“Auctioneering is like being an athlete really. You just don’t turn up on the day.”
Werner Herzog once described auctioneering as “the last poetry possible, the poetry of capitalism.” It is, according to him, an “extreme language… frightening but quite beautiful at the same time.” His 1976 documentary How Much Wood Would a Woodchuck Chuck captured the World Livestock Auctioneering Championship in Pennsylvania that year. In full flow, he observed the rapid-fire volley of words, rhythms and cadences which orchestrate the sale and stoke the fever for ownership.
It’s a Friday afternoon, in mid-January, and the bloodstock sales arena of Goffs in Kildare is home to the second Novice Rostrum Auctioneer Competition of the Institute of Professional Auctioneers and Valuers (IPAV). Now in its second year, this event is organised by their Young Professionals Network wing and open to anyone who is deemed a novice which means they have undertaken less than five auctions in their career to date. There are twelve competitors, of which two are female, and there’s a decent regional and age mix. Everyone competing and in attendance is white. This is not by design, but just a factual observation.

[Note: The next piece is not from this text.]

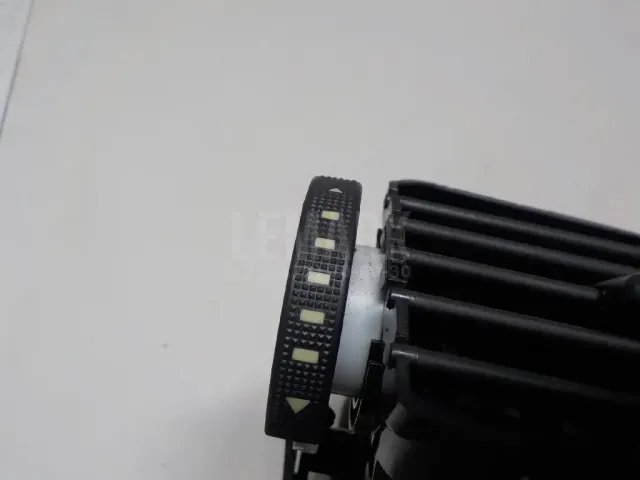 Дефлектор воздушный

The world of auctioneering and valuation is still overwhelmingly white and male. Only two of their 19 council members are women. It is, in many circumstances, a family-business and profession in which the mantle is passed down through generations. Indeed, if someone wandered in here with no idea of proceedings, they may well feel they mistakenly happened upon a far-right rally, purely through observation, given the arm-waving which is integral to the art of auctioneering. This is also mischievous misconstruing on the part of this writer who admittedly is also white and male. We blend in perfectly, apart from being too casually dressed. Straight-up suits and ‘horsey set’ garb is the order of the day. Screensavers are of horses and a neighbouring audience member is heard saying “goes like a dinger” to his companion.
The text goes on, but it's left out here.